Thompson’s art for the book was designed by collaging with photocopies of images.
“I would cut apart copies and reassemble with repeated images, often on a grid structure using various related items from different sources. Then I’d work into them with ink and tapes,” Thompson says.
In an era where you couldn’t Google “unusual Milwaukee facts,” Thompson found her material the old-fashioned way: sifting through various archives.
“I spent many hours at the libraries and the historical society,” Thompson explains. “Much of the text came from microfiche archives from newspapers from the past. Also, I was working half-time in City Hall where the training also included brochure and flyer design, so I had access to the legislative references library and city archives.”
The stories she found include a report of a strange appearance of hundreds of toads that overtook Water Street in 1838, a report of turn-of-the-century Milwaukee’s famous celery fields, and a report from 1908 that describes how the Pabst Theater offered an escort service to single women if they wanted a man to act as their theater date. A reoccurring story throughout the book is short reports on the misadventures of Professor King, who attempted to pilot a hot air balloon from Minneapolis to the east coast in 1881.
After Undercover was published, Thompson’s art career continued as a graphic designer and art director for in-house design departments and small design companies, as varied as TSR (the company that made Dungeons & Dragons) and the Milwaukee Health Department. Starting in the late ’80s, Thompson found work illustrating children’s books like Cartwheel To The Moon: My Sicilian Childhood and My Name Is Maria Isabel, and became a regular contributor to Cricket Magazine (a children’s literature publication).
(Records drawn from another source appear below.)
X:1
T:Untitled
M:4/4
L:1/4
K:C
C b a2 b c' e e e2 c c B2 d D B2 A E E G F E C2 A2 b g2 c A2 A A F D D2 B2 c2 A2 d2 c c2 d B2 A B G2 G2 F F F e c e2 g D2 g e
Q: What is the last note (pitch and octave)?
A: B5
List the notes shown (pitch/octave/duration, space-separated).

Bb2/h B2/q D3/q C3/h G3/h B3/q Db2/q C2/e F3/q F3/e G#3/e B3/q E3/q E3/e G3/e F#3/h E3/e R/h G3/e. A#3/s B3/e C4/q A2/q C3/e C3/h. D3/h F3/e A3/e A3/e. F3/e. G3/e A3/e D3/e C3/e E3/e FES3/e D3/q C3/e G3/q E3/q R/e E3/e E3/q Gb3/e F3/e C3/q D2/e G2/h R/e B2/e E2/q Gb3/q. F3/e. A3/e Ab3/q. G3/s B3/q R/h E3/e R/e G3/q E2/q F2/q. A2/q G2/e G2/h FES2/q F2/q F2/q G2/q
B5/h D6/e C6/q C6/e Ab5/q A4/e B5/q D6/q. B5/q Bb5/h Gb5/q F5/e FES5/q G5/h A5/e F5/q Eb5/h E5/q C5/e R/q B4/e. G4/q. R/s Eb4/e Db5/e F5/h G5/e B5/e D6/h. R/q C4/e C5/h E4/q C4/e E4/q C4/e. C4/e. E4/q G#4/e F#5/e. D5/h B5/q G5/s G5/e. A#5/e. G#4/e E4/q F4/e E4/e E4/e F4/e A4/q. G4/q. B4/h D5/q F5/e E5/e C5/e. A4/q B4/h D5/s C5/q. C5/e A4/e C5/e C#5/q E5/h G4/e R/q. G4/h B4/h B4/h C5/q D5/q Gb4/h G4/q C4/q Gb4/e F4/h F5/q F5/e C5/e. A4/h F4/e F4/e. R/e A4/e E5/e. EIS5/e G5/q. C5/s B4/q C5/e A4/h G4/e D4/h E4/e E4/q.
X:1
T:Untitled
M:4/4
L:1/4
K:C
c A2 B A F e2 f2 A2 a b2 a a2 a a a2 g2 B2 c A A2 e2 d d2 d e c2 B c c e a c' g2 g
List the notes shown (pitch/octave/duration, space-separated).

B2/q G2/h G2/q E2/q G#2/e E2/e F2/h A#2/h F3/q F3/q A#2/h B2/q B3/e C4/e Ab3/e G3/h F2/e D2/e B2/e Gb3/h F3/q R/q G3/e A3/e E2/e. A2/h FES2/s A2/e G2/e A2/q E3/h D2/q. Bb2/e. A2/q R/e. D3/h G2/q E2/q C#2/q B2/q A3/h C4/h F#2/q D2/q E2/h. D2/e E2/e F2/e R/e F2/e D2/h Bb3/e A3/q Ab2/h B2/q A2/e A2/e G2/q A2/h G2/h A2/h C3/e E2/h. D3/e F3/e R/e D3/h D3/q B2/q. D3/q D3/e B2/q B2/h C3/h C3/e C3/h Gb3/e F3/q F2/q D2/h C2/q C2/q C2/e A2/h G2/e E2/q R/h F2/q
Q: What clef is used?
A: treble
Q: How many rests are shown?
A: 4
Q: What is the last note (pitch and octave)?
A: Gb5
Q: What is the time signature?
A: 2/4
“That same year I did my first street painting and artform that I continue to this day,” Thompson says. “I began doing murals in the early ’90s when I began doing work as a freelance artist. I’ve also done some teaching and workshops.”
She also continues to live in the quirky city of Milwaukee.
“I was born here and have lived most of my life here,” Thompson says. “I love the lake, the park system, the Oak Leaf Trail and the bike path. You can walk along the river and feel like you are in nature—not in the city at all.”
If you want to check out Undercover for yourself, there are copies at the Central Library.